Figure incontournable de la science-fiction francophone, la québécoise Élisabeth
Vonarburg reste largement moins connue dans nos contrées qu'elle ne devrait légitimement l'être. Récemment, plusieurs rééditions bienvenues ont permis de jeter un coup de projecteur sur son oeuvre avec les deux briques intégrales regroupant l'ensemble du cycle de Tyranaël chez Les Moutons Électriques et la reprise par Mnémos de son roman le plus connu, le splendide
Chroniques du Pays des Mères.
Ce dernier roman, aussi intelligent que nuancé, permettait de visiter un futur dans lequel les femmes étaient devenus majoritaires et où elles avaient réorganisé la société en profondeur. Pourtant, point d'utopie naïve chez Élisabeth
Vonarburg mais une véritable réflexion sur le savoir et le souvenir à travers l'inoubliable personnage de Lisbeï. Après cette réédition capitale, Mnémos s'attaque à l'avant-
Chroniques du Pays des Mères avec sa préquelle écrite dix ans plus tôt :
le Silence de la Cité. Que nous réserve Élisabeth pour ce retour aux sources ?
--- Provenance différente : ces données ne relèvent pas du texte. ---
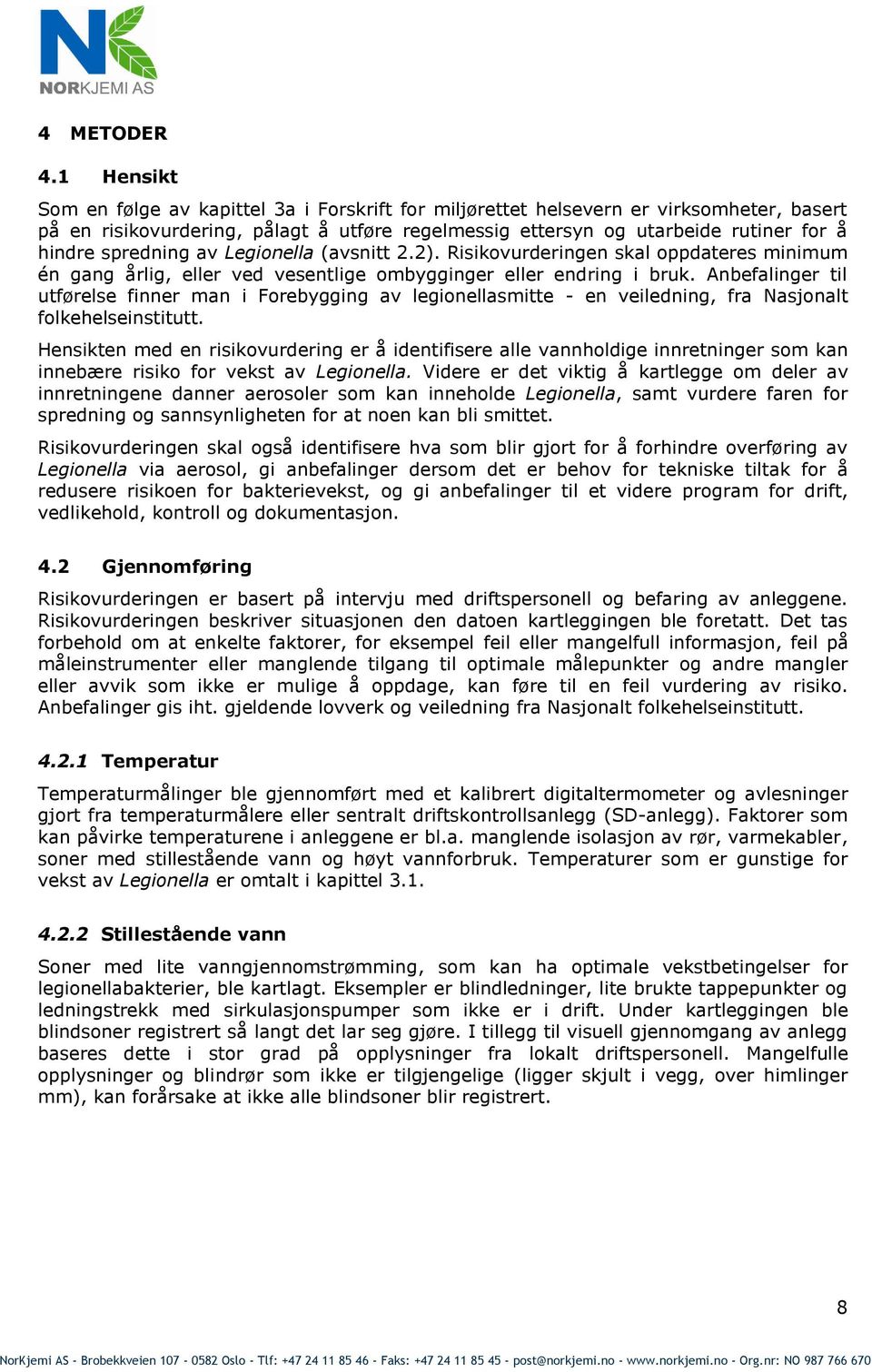 spredning av Legionella (avsnitt 2.2). Risikovurderingen skal oppdateres minimum én gang årlig, eller ved vesentlige ombygginger eller endring i bruk.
Sous la Terre, une nouvelle vie
Nous sommes bien avant l'avènement des Capteries, les Citadelles-États du Pays des Mères, et même bien avant l'émergence des Harems et des Ruches.
Ce que l'on sait en commençant
le Silence de la Cité, c'est que le monde a pris fin et que les survivants, voyant la société s'écrouler sous le poids des guerres et du changement climatique, se sont réfugiés dans des Cités souterraines ultra-technologiques. du moins, ceux qui en avaient les moyens.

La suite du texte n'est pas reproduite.